Monday, April 22, 2024

I Love Seeing 17th Century Armorial Memorials

Because they are just so incredibly complex to look at; it takes time to really take one in fully and see all the different elements and how they come together to create a united whole.

And the three-dimensional sculptures are only a part of that. Along with the heraldry, of course!

A good example of this in York Minster is the memorial of Sir William Ingram of Catell and Thorpe (ca. 1565-1623).

The kneeling figures here are those of Sir William Ingram, Sr. and his wife, Katherine Edmonds.
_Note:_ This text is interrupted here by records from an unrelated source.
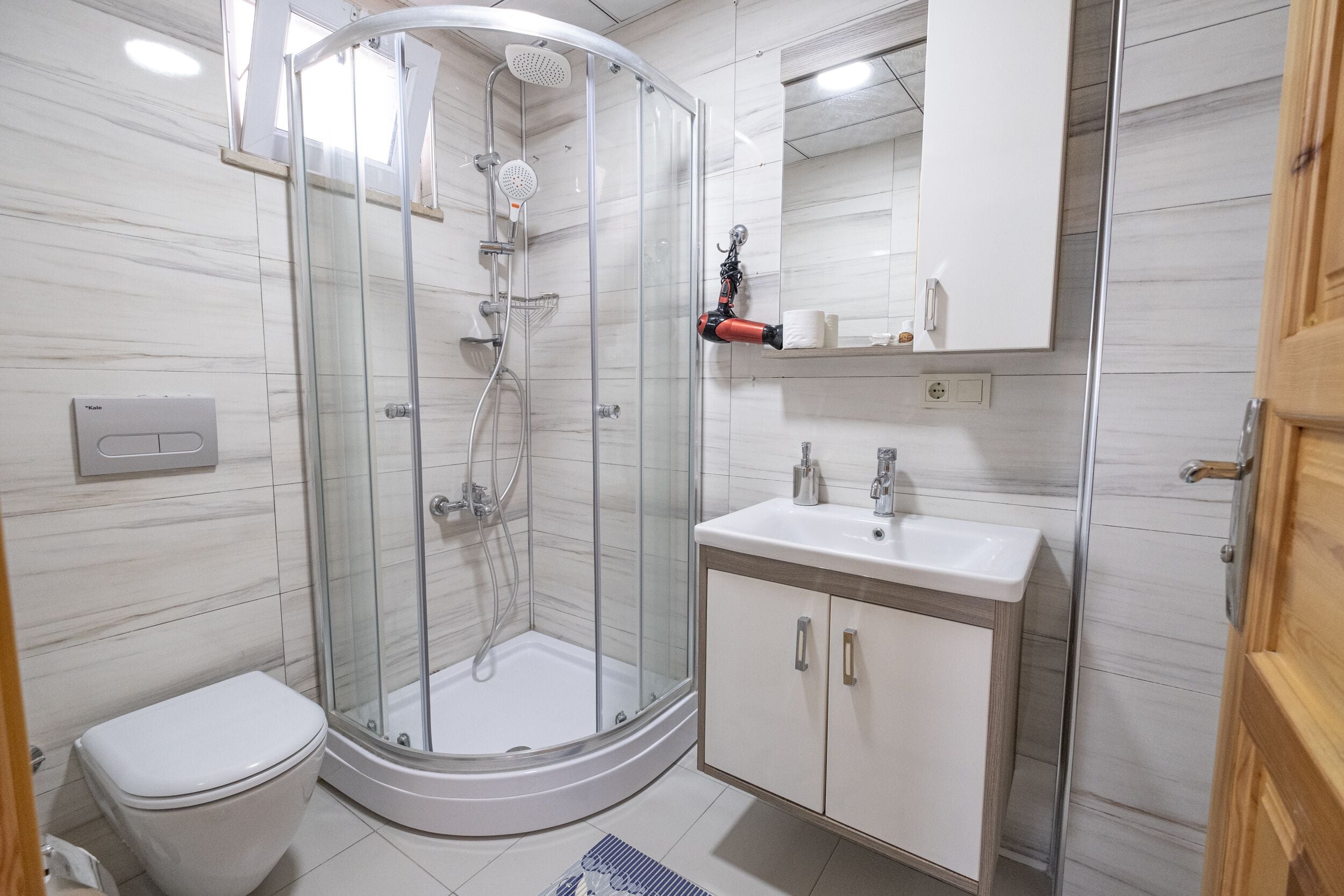 Un baño moderno con ducha de vidrio, inodoro blanco, lavabo con espejo y un mueble de madera.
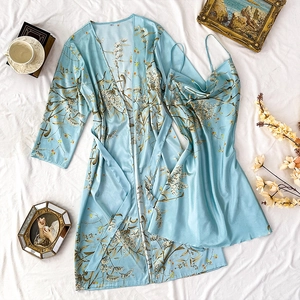 Blue satin sleepwear set with floral print including robe and camisole nightgown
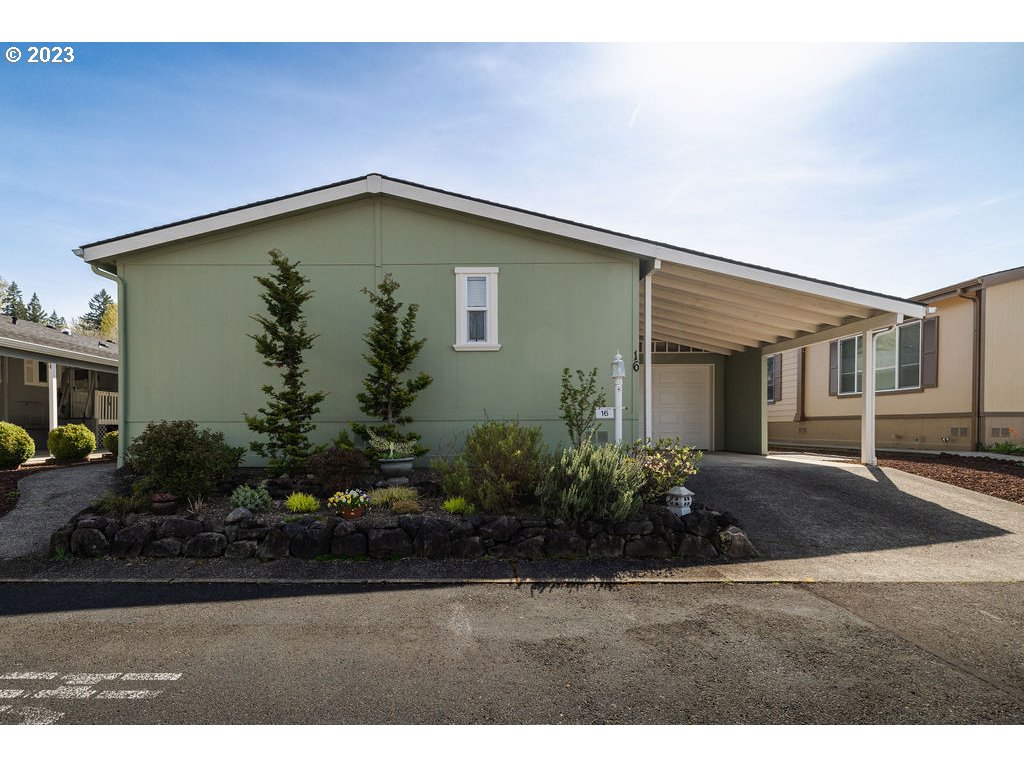 a backyard of a house with plants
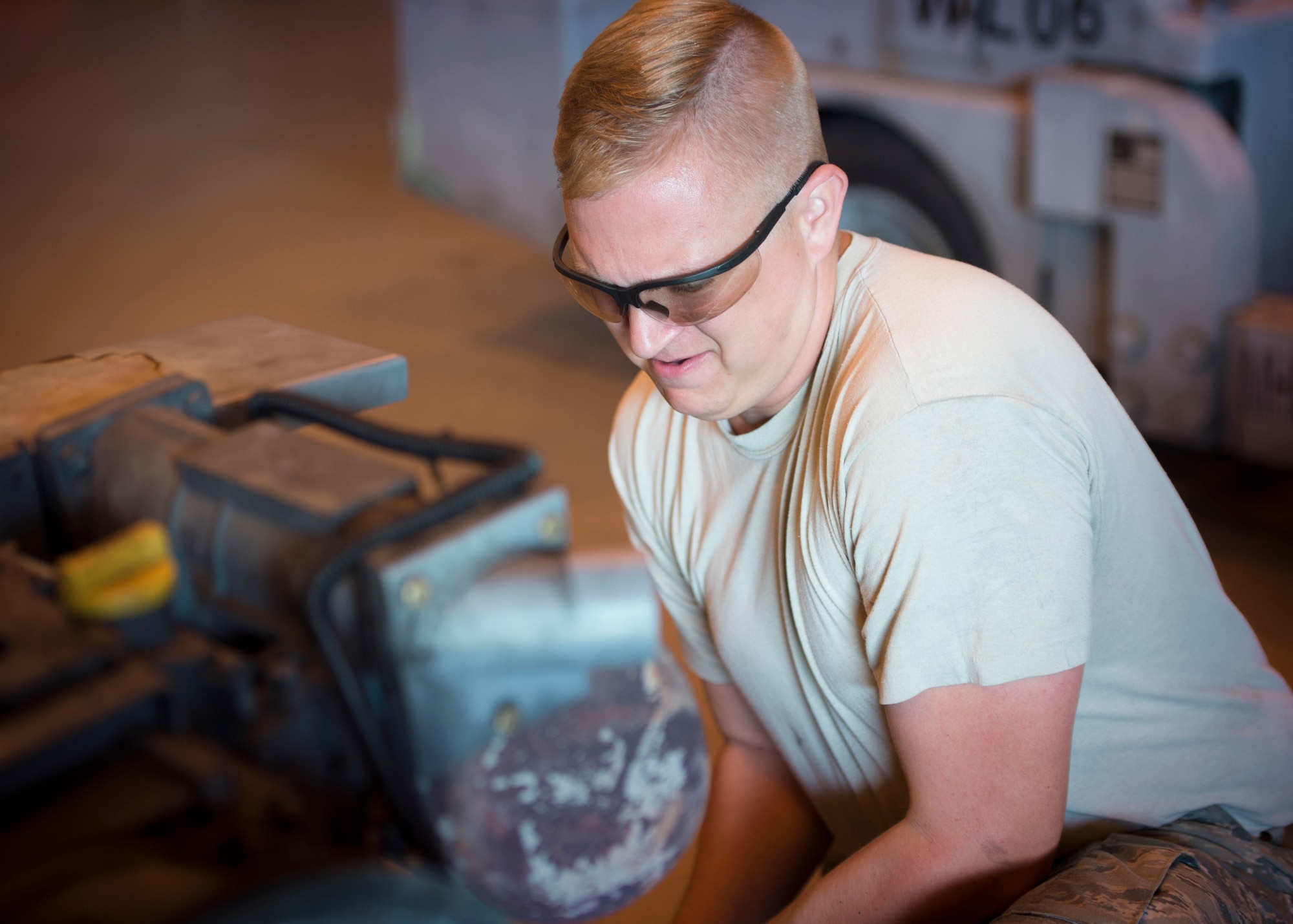 Senior Airman Miles Shepperd, an aerospace ground equipment journeyman with the 1st Special Operations Maintenance Squadron, removes an exhaust pipe from a munitions handling unit at the AGE hangar on Hurlburt Field, Fla., Oct. 3, 2016. The MHU can carry over 6,500 pounds of ammunition. (U.S. Air Force photo by Senior Airman Krystal M. Garrett)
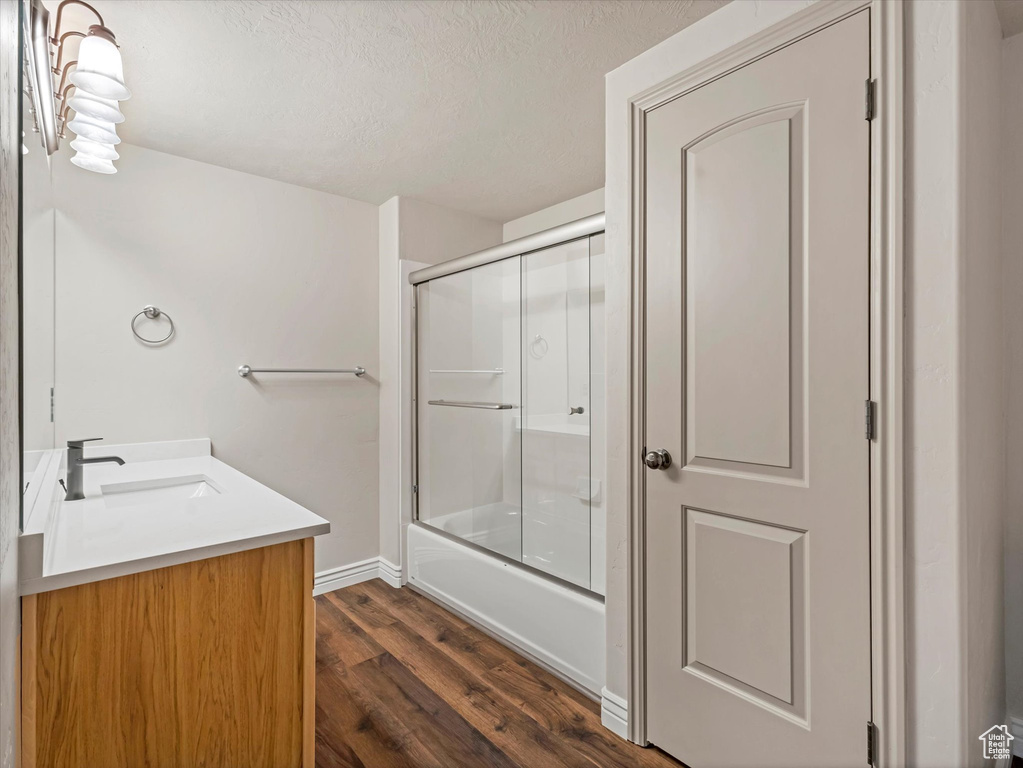 Full bathroom featuring vanity, wood finished floors, bath / shower combo with glass door, a textured ceiling, and baseboards
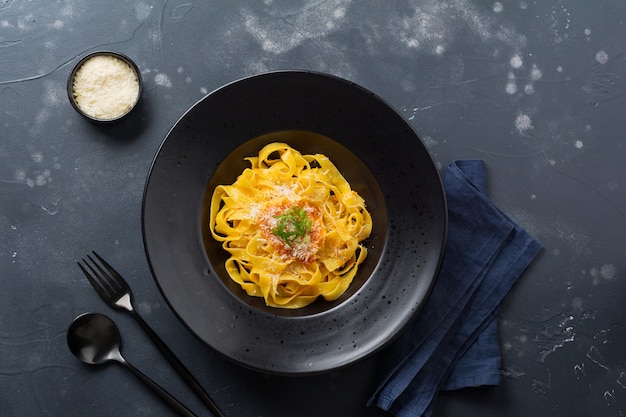 Pâtes fettuccine avec sauce traditionnelle italienne Passat et parmesan en plaque noire sur surface sombre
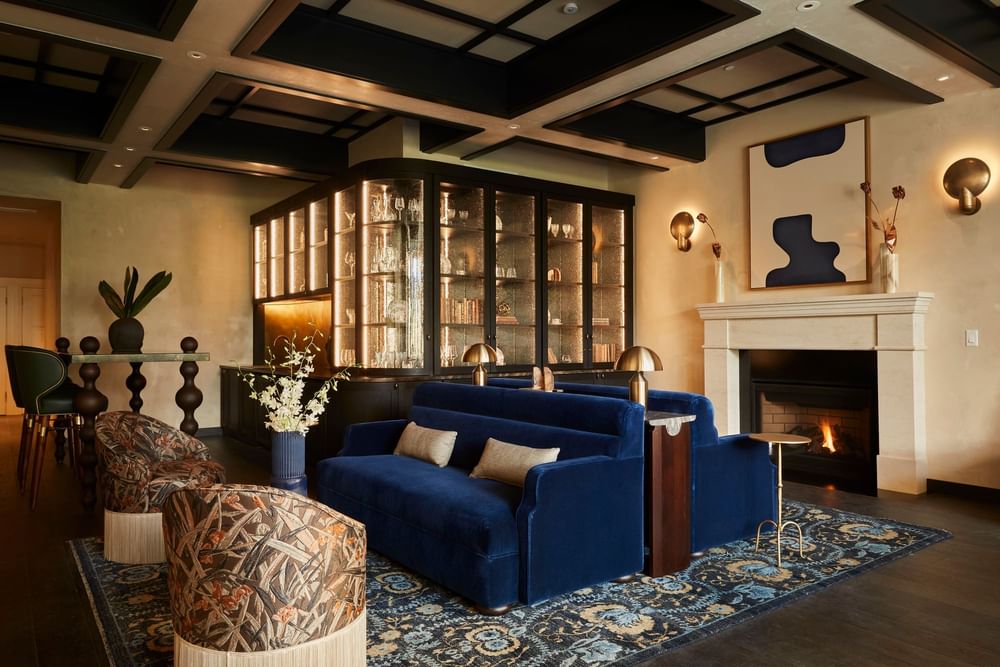 Cozy lounge area featuring plush blue velvet sofas, a warm fireplace, and a stylish illuminated bar at El Prado Hotel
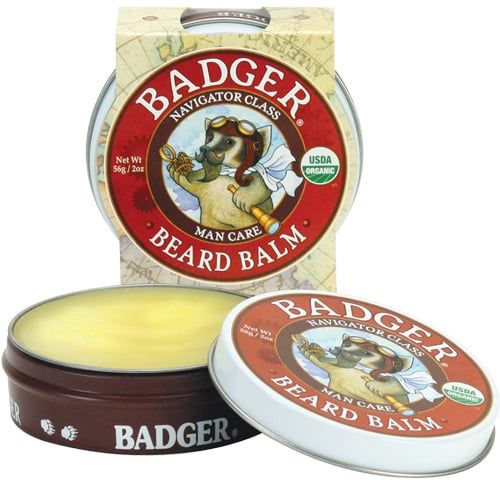 Drie blikken baardbalsem. Eén geopend, de andere gesloten. Opschrift: BADGER, BEARD BALM, USDA ORGANIC.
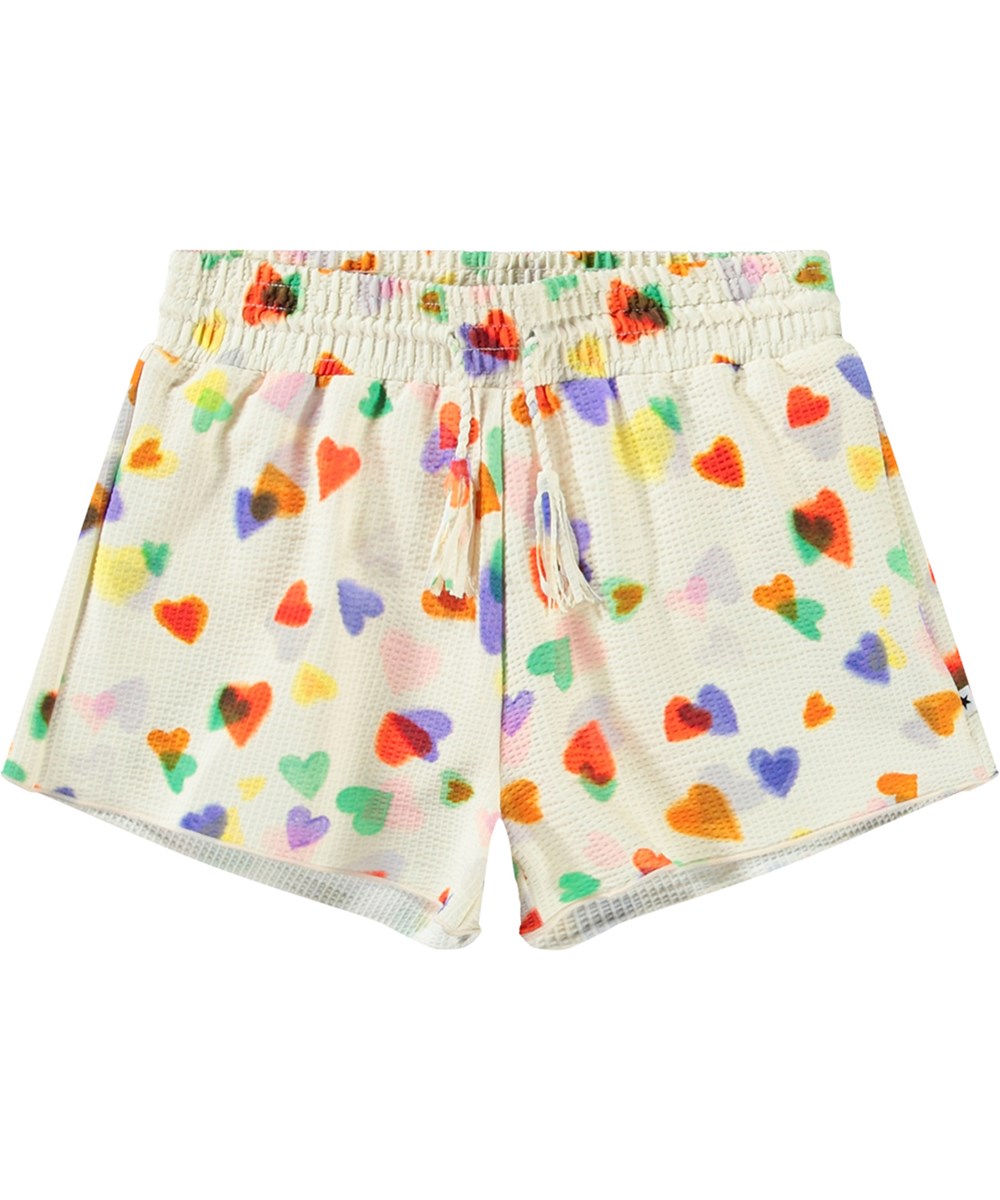 Nicci - Rainbow Hearts - Hvide badeshorts til aktive børn med UV-beskyttelse 50+ og et farverigt hjerte print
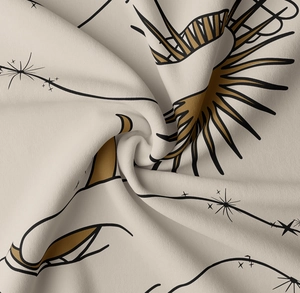 Macro view of sun and moon printed fabric texture showing soft weave detail and draping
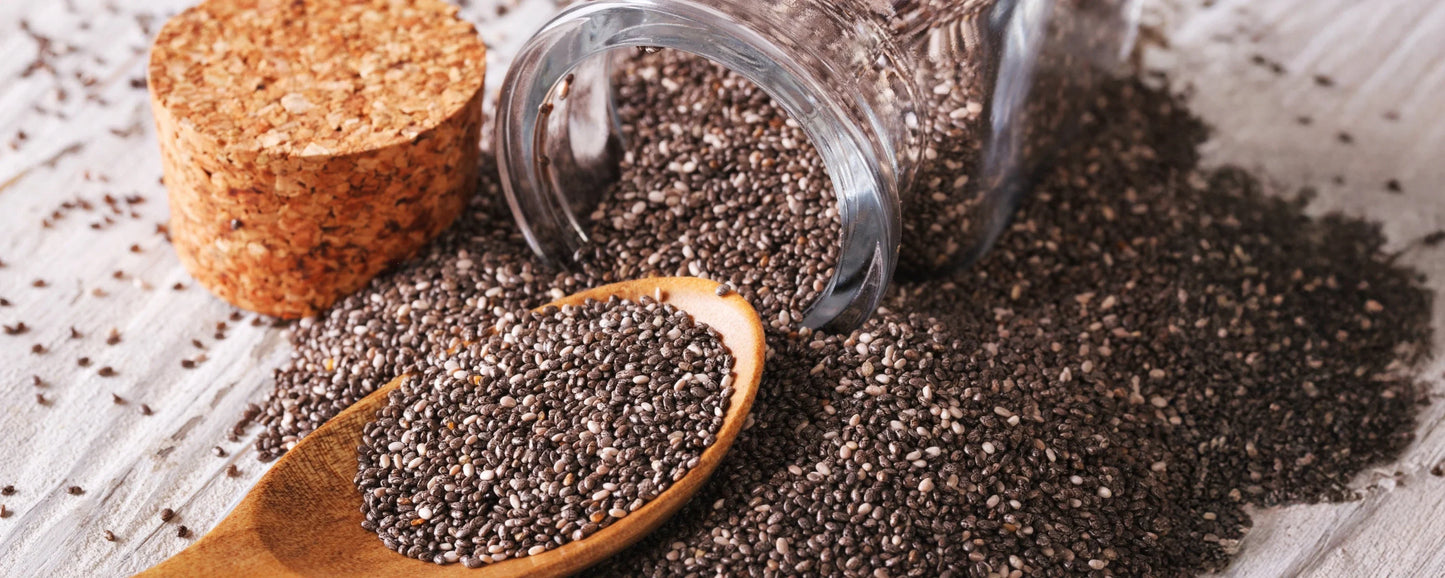 Chia seeds spilling out of a bottle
We can tell this because, although A Guide to the Heraldry in York Minster identifies the crest beneath the male figure correctly as that of Ingram, it misidentifies that beneath the female figure as "The Greville Crest"; that crest is actually the Edmonds crest: A greyhound sejant sable bezanty collared or. (The Greville crest is A greyhound's head erased sable bezanty gorged with a collar argent charged with three pellets, similar thematically but not the same at all.) I have pencilled in a correction in my copy of A Guide.

At the peak of the monument is a representation of the Ingram arms and (outsized!) crest:

The arms are blazoned: Azure a chevron between three lions passant or, and the crest, although painted here and on the face of the monument as gold, or or) is blazoned: A cock proper.

All in all, though, I think that you can see just from this one example why it is that I love seeing 17th Century armorial memorials.